The judge found Mr Vasiljkovic must be held accountable for the assaults perpetrated by his men as he was a "heroic figure" who exercised "absolute authority" and enjoyed "legendary status" at his Knin fortress. However, she was stinging in her condemnation of Mr Vasiljkovic's testimony, which she said was "replete with contradictions".
After the judgment was handed down, Mr Vasiljkovic maintained he had not committed any of the alleged offences. He said the trial had been a "sham" and likened it to a "David and Goliath" contest, given the resources of Nationwide News as part of the News Corporation group, as well as the involvement of the Croatian government.
"It was David and Goliath, only David was handcuffed too," he said. "How could I get a fair trial with all these forces working against me?"
He maintained he would never be extradited to Croatia and it had been in "the interests of the witnesses" to testify against him.
"They could not even get the colour of my hair right.

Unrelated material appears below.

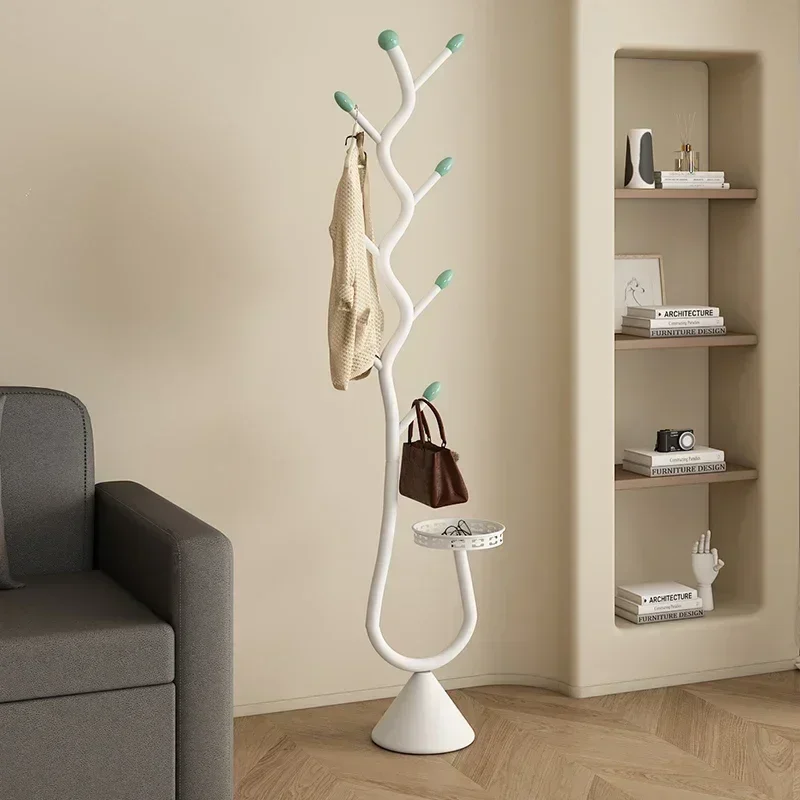 For Library Entrance Clothes Rack Balcony Minimalist Design Portable Coat Rack Clothing Cheap Modern Luxury Metal Percher Furnit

One (witness) said I had dark hair. Well, you look."
His barrister, Clive Evatt, rejected claims the unsuccessful defamation case had damaged the interests of his client as he seeks to avoid criminal and war crime prosecutions. "I thought we put forward a good case on behalf of the plaintiff but the judge rejected it," Mr Evatt said.
He noted the defamation action, as a civil case, involved a lower standard of proof than that required in a criminal trial. "It was a lower bar for the defendant to jump over, nothing like the criminal onus," he said. "In any future criminal prosecution, the judgment of her honour couldn't be used or relied on."
A spokesman for Justice Minister Brendan O'Connor confirmed an appeal had been lodged with the High Court.